日本人が知らない幸福 (新潮新書) 新書 – 2009/9 武永 賢 (著)

著者はサイゴンに生まれ、難民として日本に移住し、医師として働いている。

私はこの本にとても好い印象を持っている。きっときっと日本よりもっと貧しく、そして苦しい生活をしてきたのだろう。この人の語りに気づかされることが多い。

ー人助けはできる人ができるときに行うべきだ。「人助けとは受ける人、与える人の両者ともお互いにありがとうと言えるチャンスである」ということに気づいたのだ。援助するチャンスを与えてくれてありがとう。ー

援助するチャンスを与えてくれてありがとう、って普通思うだろうか。でも、人助けって価値のあることなのだと改めて気づかされた。

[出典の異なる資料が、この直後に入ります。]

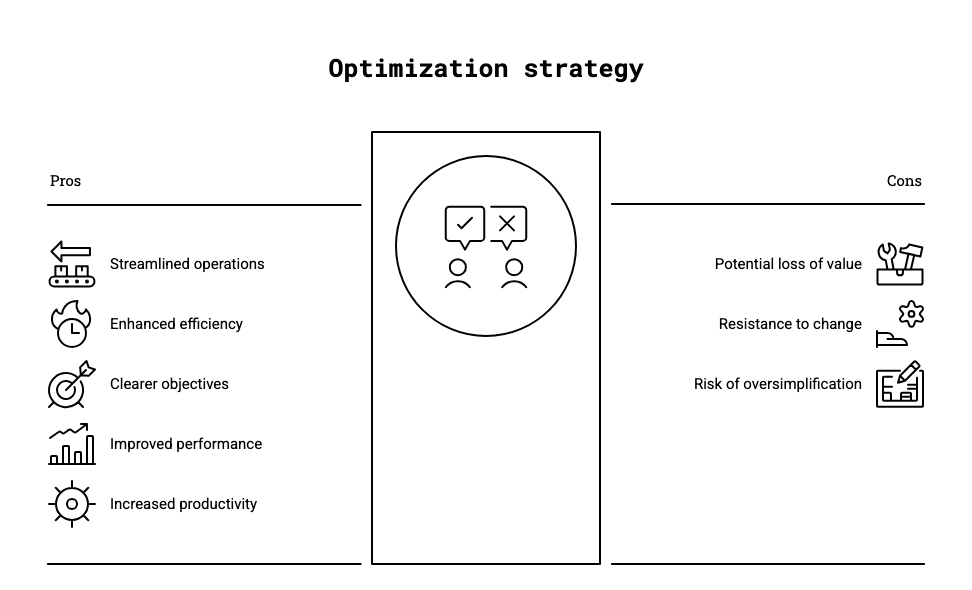 Optimization strategy showing how removing promotions increases revenue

ー貧富、幸不幸、運不運、美醜のすべてはその人個人の運命であり、それに関してはどうにもならない。もし願いが叶うのなら、どんな運命でも受け入れられるような強さを持つ人間にしてほしい。これがこれからの私の願いであり、目標である。ー

私は不運を憎んでしまっていた。恵まれすぎ、自分を甘やかしていたのだろう。この人は懐が深い。運命だからどうにもならない、という境地だ。運命は変えるものではない。受け入れるものなのだ。そうできるものが、強いのだ。